- Genre: Soap opera
- Created by: Alan Bateman
- Written by: Bevan Lee Greg Haddrick
- Starring: Roxane Wilson; Renato Bartolomei; Jonathan Hardy; Dinah Shearing; Rachael Beck; Simon Westaway; Ross Newton; Sean Myers;
- Country of origin: Australia
- Original language: English
- No. of seasons: 1
- No. of episodes: 96

Production
- Executive producer: Alan Bateman
- Producer: Bruce Best
- Running time: 30 minutes
- Budget: $2 million

Original release
- Network: Nine Network
- Release: 7 February – 27 December 1990

= Family and Friends =

Family and Friends is a short-lived Australian television soap opera by the Nine Network which debuted on 7 February 1990 and aired for a single season until 27 December.

The series was intended to be the networks response to the already successful soaps on the rival channels - Neighbours and E Street on Network Ten and Home and Away on the Seven Network.

==Synopsis==
Family and Friends is set in a suburban community and the series focuses on two families – the Chandlers and the Italian-Australian Rossis – who are linked by a long-standing vendetta stemming from an accidental death in the 1950s. Old enmities were renewed by the Romeo and Juliet style romance between Jennifer Chandler (Roxane Wilson) and Robert Rossi (Renato Bartolomei).

==Production==
After the Nine Network lured the creative team of Alan Bateman, John Holmes and Bevan Lee away from Seven Network's Home and Away, Bateman came up with the idea for the show, which would explore the cultural differences between an Australian family and an Italian family. The show was initially titled The Family, then A Family Matter, before becoming Family and Friends.
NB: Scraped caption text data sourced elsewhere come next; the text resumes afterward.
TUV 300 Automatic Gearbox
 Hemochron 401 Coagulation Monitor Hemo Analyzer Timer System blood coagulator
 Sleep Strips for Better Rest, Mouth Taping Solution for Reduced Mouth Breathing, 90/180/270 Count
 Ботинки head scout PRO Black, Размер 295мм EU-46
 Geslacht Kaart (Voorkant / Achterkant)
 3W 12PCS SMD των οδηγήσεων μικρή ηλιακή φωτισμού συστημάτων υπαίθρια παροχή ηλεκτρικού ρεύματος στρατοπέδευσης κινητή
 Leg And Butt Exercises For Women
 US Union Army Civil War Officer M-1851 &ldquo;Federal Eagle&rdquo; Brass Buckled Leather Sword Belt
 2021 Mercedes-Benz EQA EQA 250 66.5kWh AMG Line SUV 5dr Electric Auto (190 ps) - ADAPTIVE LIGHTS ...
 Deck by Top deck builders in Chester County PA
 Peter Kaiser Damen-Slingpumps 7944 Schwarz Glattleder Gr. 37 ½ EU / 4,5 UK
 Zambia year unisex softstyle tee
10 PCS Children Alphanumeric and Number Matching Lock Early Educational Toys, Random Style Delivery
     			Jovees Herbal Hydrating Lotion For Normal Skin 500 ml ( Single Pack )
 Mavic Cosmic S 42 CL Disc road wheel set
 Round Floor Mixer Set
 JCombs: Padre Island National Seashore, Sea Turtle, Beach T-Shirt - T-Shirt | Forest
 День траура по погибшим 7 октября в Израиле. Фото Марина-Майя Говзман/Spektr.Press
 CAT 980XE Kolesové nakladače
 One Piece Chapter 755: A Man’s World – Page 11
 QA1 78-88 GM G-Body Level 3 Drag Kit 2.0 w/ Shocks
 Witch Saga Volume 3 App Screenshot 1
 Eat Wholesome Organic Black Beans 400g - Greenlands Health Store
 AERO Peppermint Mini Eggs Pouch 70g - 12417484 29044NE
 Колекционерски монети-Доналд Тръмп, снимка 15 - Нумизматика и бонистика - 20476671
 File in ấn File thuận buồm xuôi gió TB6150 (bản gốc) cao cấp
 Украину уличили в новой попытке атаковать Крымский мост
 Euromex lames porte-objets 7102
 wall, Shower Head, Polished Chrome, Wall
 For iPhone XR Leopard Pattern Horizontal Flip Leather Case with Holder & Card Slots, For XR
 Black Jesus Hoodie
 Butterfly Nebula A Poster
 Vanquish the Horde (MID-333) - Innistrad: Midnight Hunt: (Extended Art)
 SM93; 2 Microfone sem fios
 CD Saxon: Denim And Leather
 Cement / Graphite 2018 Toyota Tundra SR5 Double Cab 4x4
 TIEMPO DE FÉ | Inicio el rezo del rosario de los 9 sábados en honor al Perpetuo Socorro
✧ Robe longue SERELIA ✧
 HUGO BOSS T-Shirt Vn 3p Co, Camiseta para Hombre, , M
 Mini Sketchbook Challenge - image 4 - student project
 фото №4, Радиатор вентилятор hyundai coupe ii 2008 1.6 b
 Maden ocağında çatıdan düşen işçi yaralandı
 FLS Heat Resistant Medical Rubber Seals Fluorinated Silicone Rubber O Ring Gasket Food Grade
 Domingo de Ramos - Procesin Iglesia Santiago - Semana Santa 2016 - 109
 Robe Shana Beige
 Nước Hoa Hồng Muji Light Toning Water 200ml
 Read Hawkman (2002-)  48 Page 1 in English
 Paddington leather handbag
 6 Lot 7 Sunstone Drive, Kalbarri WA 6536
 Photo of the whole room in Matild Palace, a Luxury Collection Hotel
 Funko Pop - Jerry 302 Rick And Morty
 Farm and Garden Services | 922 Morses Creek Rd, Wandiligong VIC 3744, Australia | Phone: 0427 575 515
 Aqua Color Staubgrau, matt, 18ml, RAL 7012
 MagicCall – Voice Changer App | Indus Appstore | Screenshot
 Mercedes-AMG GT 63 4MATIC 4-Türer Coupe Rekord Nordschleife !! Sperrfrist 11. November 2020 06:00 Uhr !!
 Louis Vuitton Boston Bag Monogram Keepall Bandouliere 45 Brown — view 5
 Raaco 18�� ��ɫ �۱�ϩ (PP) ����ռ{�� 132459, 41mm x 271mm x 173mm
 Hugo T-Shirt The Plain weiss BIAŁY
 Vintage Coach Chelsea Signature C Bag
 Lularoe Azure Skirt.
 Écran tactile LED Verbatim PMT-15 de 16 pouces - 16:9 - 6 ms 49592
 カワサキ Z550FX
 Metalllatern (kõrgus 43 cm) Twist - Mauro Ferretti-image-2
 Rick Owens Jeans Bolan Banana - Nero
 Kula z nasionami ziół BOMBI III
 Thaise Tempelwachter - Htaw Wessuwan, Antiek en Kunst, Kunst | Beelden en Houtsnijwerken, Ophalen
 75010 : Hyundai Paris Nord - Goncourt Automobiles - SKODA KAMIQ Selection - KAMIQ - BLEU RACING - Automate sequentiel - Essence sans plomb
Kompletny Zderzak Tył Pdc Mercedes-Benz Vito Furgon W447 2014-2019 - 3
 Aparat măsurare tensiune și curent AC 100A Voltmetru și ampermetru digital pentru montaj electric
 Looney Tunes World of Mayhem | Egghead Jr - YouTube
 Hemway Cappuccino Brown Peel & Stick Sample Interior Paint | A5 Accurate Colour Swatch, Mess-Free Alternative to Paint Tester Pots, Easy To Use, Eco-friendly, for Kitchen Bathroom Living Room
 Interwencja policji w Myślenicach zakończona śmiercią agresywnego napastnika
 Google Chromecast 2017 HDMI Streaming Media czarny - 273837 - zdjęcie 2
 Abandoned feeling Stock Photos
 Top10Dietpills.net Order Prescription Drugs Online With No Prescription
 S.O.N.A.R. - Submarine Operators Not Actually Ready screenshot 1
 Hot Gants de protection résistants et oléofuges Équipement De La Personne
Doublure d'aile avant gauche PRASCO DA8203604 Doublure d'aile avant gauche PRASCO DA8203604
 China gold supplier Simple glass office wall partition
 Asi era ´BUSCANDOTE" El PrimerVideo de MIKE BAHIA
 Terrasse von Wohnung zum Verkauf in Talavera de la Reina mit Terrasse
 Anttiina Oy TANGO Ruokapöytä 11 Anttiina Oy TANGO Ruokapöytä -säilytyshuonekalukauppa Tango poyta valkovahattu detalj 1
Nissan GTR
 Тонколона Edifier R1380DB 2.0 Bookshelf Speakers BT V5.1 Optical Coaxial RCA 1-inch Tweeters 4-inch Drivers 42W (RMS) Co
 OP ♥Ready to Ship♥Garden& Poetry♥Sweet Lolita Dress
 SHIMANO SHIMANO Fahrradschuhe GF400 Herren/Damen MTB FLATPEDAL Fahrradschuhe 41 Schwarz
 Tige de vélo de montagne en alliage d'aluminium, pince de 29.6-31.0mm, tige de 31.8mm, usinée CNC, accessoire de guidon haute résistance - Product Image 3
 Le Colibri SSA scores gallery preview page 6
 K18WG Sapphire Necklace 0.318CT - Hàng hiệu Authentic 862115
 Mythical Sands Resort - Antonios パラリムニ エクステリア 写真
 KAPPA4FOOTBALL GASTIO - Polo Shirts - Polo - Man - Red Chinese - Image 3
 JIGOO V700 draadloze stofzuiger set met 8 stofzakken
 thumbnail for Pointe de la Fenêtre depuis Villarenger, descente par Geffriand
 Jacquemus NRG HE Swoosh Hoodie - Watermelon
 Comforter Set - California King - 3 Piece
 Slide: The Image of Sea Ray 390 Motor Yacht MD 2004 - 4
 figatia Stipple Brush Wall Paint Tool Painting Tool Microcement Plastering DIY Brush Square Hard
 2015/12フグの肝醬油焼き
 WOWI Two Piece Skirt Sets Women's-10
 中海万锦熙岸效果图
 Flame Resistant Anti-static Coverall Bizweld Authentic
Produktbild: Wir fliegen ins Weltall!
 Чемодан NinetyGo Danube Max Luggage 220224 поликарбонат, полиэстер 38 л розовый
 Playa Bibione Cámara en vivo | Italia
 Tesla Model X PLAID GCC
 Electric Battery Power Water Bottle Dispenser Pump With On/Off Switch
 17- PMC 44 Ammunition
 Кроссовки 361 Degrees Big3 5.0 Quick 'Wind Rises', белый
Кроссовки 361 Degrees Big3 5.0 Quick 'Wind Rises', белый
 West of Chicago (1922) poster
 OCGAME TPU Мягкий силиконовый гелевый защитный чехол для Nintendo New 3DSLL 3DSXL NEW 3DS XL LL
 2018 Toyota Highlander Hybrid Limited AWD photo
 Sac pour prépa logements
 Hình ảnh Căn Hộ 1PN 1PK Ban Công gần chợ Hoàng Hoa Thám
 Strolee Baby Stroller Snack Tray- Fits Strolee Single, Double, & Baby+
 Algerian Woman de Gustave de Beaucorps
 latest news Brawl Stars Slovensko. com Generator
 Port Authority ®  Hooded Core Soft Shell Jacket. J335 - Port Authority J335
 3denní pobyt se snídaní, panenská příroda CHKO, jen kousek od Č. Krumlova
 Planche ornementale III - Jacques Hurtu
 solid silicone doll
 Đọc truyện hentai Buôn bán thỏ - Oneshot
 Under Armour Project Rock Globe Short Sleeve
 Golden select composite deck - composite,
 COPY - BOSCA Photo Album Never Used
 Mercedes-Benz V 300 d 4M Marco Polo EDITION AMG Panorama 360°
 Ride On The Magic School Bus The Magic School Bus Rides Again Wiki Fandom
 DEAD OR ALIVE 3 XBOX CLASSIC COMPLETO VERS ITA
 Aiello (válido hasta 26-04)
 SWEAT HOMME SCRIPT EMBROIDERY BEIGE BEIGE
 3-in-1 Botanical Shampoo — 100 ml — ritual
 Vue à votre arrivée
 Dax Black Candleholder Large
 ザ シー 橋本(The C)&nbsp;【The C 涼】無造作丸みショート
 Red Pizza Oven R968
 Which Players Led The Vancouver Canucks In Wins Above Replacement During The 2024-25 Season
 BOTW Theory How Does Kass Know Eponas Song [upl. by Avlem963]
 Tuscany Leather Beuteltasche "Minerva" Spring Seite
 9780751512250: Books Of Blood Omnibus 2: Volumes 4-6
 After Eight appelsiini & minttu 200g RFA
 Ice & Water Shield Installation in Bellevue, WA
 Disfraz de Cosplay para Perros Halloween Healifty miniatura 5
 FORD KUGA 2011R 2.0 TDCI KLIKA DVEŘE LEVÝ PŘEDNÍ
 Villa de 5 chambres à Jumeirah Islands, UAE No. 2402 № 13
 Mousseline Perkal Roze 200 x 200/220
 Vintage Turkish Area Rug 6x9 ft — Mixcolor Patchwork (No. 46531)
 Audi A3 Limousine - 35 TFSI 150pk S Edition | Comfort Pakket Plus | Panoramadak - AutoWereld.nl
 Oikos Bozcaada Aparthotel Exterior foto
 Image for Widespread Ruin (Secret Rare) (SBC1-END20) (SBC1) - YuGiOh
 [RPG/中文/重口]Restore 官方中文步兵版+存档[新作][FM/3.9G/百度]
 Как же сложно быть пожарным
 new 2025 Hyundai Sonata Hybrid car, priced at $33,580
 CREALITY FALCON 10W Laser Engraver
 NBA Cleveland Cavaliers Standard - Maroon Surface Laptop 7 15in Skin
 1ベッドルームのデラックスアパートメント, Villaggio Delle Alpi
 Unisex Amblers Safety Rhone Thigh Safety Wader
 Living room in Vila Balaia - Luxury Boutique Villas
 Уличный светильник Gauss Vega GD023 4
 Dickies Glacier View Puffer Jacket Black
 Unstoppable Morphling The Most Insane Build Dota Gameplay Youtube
Holmes was to development produce, while Lee would script edit. Lee told the writers that the premise should be a Romeo and Juliet story, but not to tell anyone as audiences where bored of that story. However, Nine's publicity department ran with the concept and began promoting the show as a "Romeo and Juliet for the 90s". The show had a $2 million budget and launched on 7 February 1990.

Despite the strong cast of which included actors known for previous soap roles including: Anne Phelan as Myra Desmond and Maxine Klibingaitis, Justine Clarke, Abigail and Alyce Platt, the series failed to catch on with the viewers. Episodes were initially broadcast in one-hour instalments up against Ten's E Street on Wednesdays and Thursdays at 19:30–20:30, but ratings were poor. The show was promptly reformatted as half-hour episodes stripped at 17:30 weeknights, but ratings remained very low. And now that it was lead-in to National Nine News's 6pm bulletin its low ratings meant it remained in a precarious position.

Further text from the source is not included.